If you also want to use Flow Gym for training an evaluation, please clone the repository and install the development dependencies as outlined in the CONTRIBUTING.md page. There you can also find help if you have any issues installing Flow Gym.

Basic usage / Deployment 🧭

from flowgym.make import make_estimator
# Define the config (or load from YAML)
model_config = {
    "estimator": "dis_jax",
    "estimate_type": "flow",
    "config": {"jit": True, ..., },
}

# Create the estimator and associated functions
trained_state, create_state_fn, compute_estimate_fn, model = make_estimator(
    model_config=model_config,
    image_shape=image_shape
)

# Compute an estimate for an image pair
est_state = create_state_fn(prev)
new_est_state, metrics = compute_estimate_fn(curr, est_state)

Training a model 🧠

from flowgym.environment.fluid_env import FluidEnv

# Create the environment
env, env_state = FluidEnv.make(env_config)

for episode in range(num_episodes):
    obs, env_state, done = env.reset(env_state)
    est_state = create_state_fn(obs)
    train_step_fn = model.create_train_step()

    while not done.any():
        # Estimator forward pass
        est_state, metrics = compute_estimate_fn(obs, est_state, train_state)

        # Extract the action (the last estimate)
        action = estimation_state["estimates"][:, -1]
        # Environment step
        obs, env_state, reward, done = env.step(env_state, action)

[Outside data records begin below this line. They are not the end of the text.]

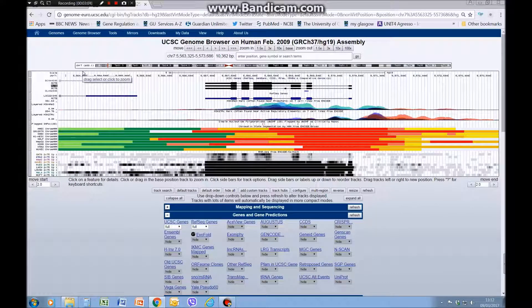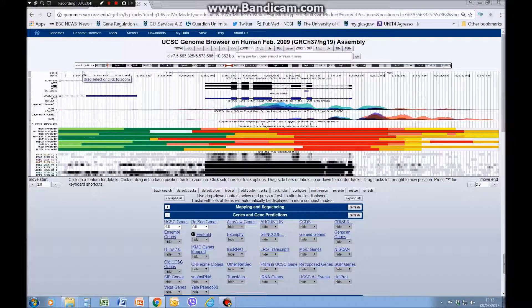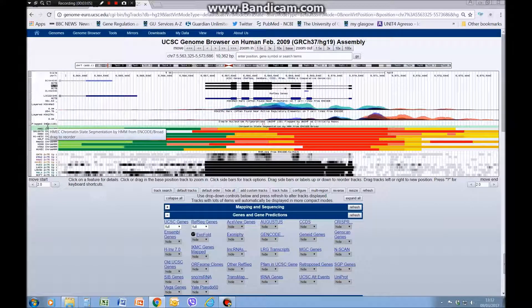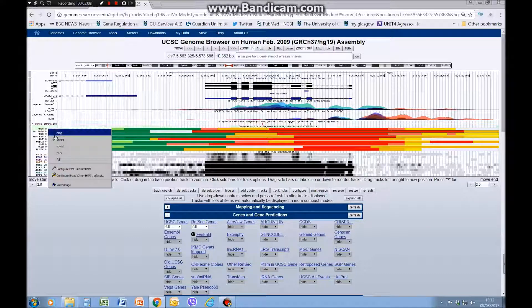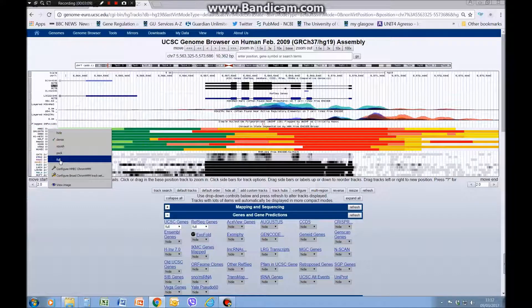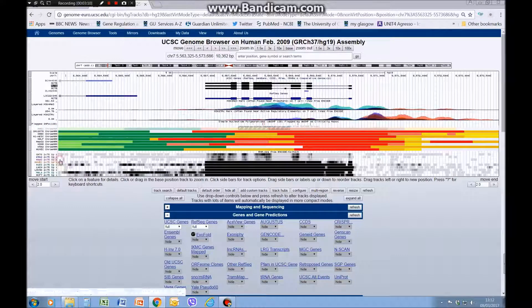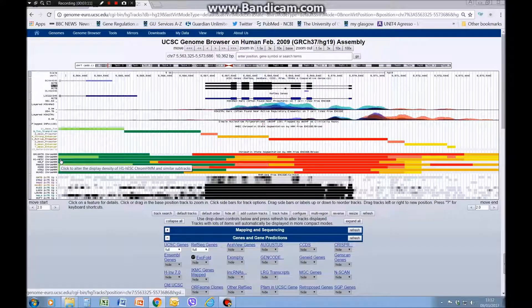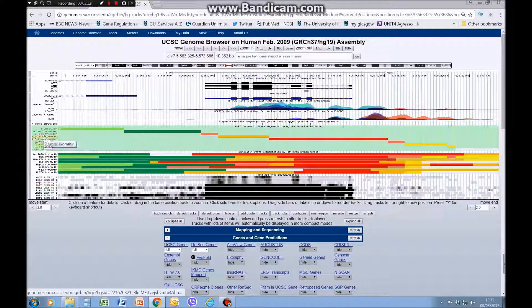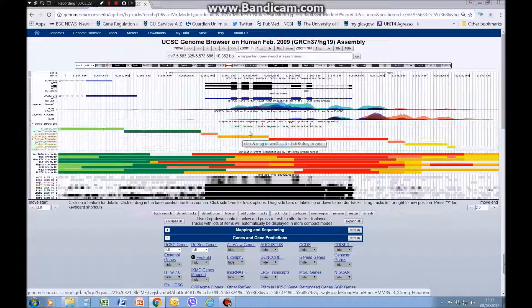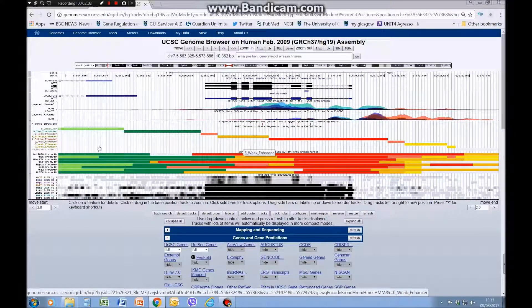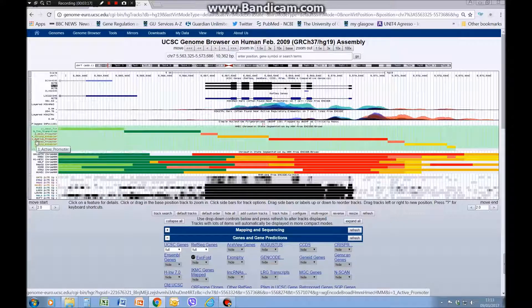So now we get a lot of colors, and to work out what the colors are you can right click and set it to full. It'll spread them out and now you see the key here. If it's red it means active promoter.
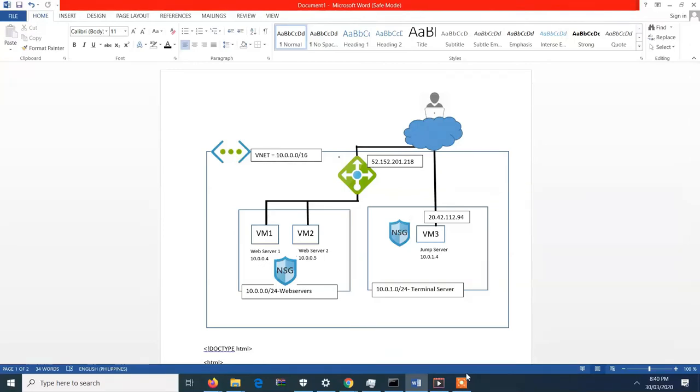Hello everyone! Today I will discuss how to create a simple network using Azure.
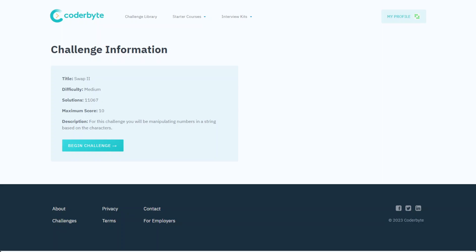Hey guys, Coderbyte coder challenge. This time around we have Swap Two, so it looks like it's another challenge with Swap One or maybe Swap Three out there. Again, medium difficulty.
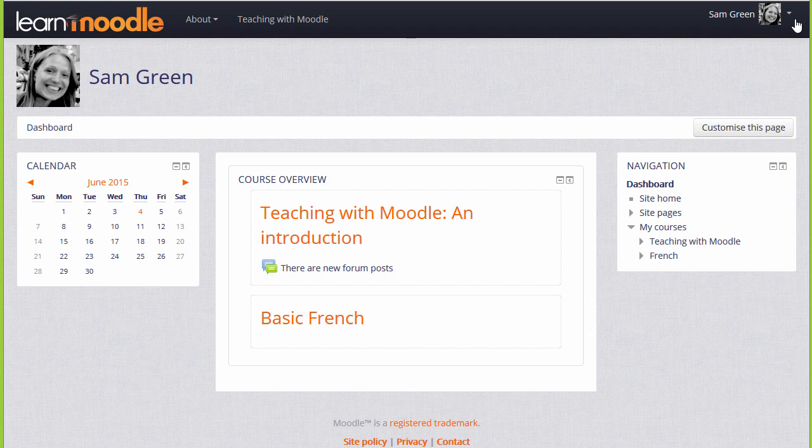Every user in Moodle has their own personal page called their dashboard. On many Moodle sites, you're taken to the dashboard once you log in.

        # Optimization step
        loss, train_state, _ = train_step_fn(
            est_state, train_state, reward
        )

Implementing a custom estimator 🧩

from flowgym.base import Estimator
class MyEstimator(Estimator):
    def init(self, rng, observation_space, action_space):
        # Initialize model parameters and state
        pass

    def _estimate(self, images, state, trainable_state, extras):
        # Define the forward pass of the model
        return new_state, extras, metrics

    def create_trainable_state(self, dummy_input, key):
        # Create the trainable state if needed (e.g., network structure, optimizer, etc.)
        pass

    def create_train_step(self):
        def train_step(self, estimation_state, trainable_state, rewards):
            # Define the training step (loss computation and optimization)
            return loss, new_trainable_state, metrics

Custom Preprocessing 🧼

# flowgym/common/preprocess.py
def custom_preprocess_validate_params(params: Dict[str, Any]) -> None:
    # Validate custom pre-processing parameters
    pass

def custom_preprocess(
    images: jnp.ndarray,
    params: Dict[str, Any]
) -> jnp.ndarray:
    # Implement custom pre-processing logic
    return processed_images

__all__ = [
    "custom_preprocess_validate_params",
    "custom_preprocess",
]

Custom Postprocessing 🎨

# flowgym/flow/postprocess/__init__.py
def custom_flow_postprocess_validate_params(params: Dict[str, Any]) -> None:
    # Validate custom post-processing parameters
    pass

def custom_flow_postprocess(
    estimates: jnp.ndarray,
    params: Dict[str, Any]
) -> jnp.ndarray:
    # Implement custom flow post-processing logic
    return processed_estimates

__all__ = [
    "custom_flow_postprocess_validate_params",
    "custom_flow_postprocess",
]

Examples 📚

For more examples, please check our training and evaluation scripts.

Contributing 🤗

Contributions are more than welcome! 🙏 Please check out our how to contribute page, and feel free to open an issue for problems and feature requests⚠️.

If you have developed a new method integrating with Flow Gym, please do open a PR! New methods should come with reproducible experiments showcasing the features. We collect these experiments in the folder experiments/your-method.

Citation 📈

If you use this code in your research, please cite our paper:

   @article{banelli2025flowgym,
      title={Flow Gym},
      author={Banelli, Francesco and Terpin, Antonio and Bonomi, Alan and D'Andrea, Raffaello},
      year={2025}
   }

License 📝

This project is licensed under the MIT License - see the LICENSE file for details.